Top of Dataset content

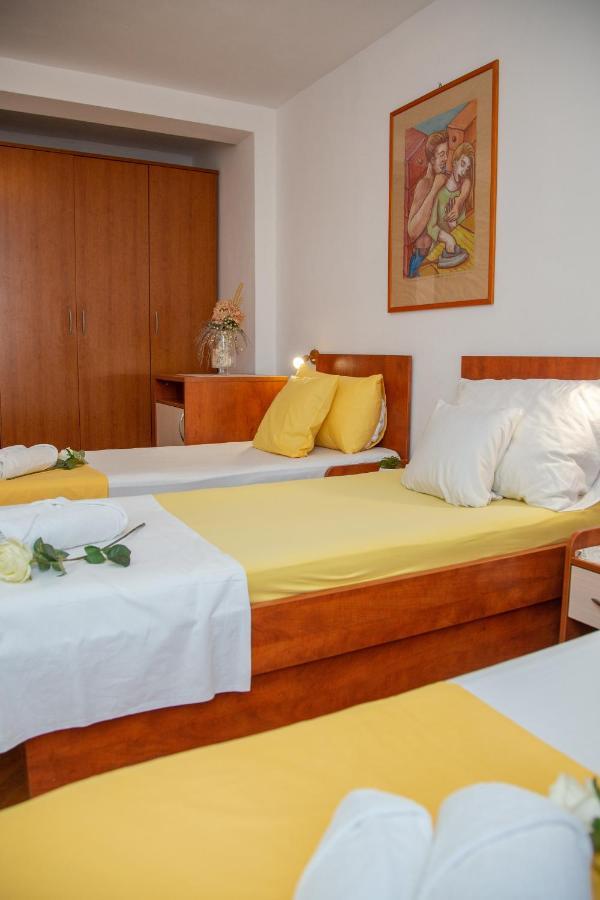 Rooms Magnolia With Pool Novalja Exterior photo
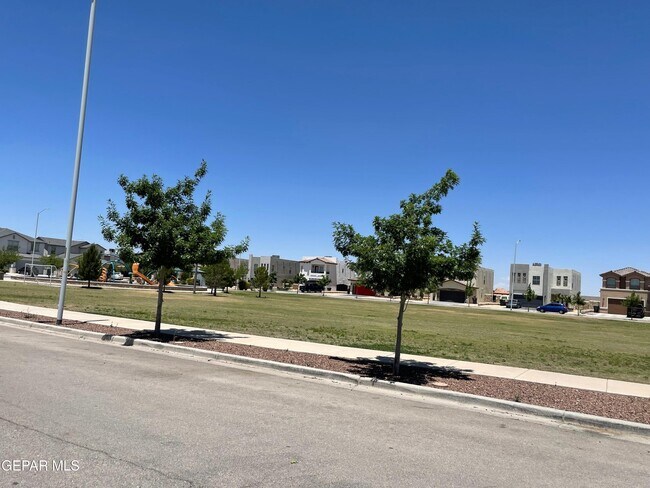 Building Photo - 12412 Furlong Cir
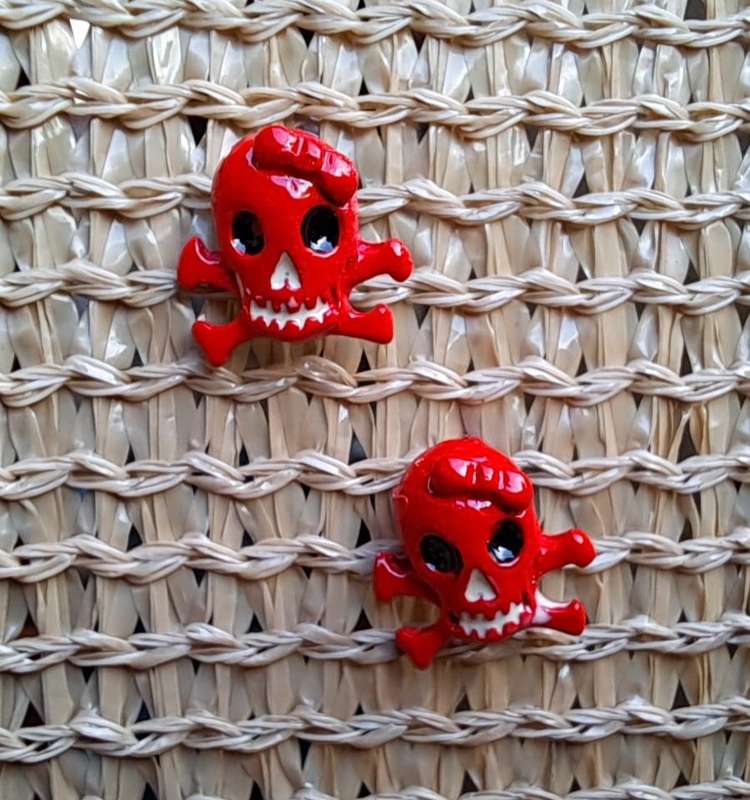 Colourful Metal Skull Stud Earrings - Red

Bottom of Dataset content

> [Work to be completed]:
Type out the data above again exactly as written, minus the images.

> [Solved exercise]:
 Rooms Magnolia With Pool Novalja Exterior photo
 Building Photo - 12412 Furlong Cir
 Colourful Metal Skull Stud Earrings - Red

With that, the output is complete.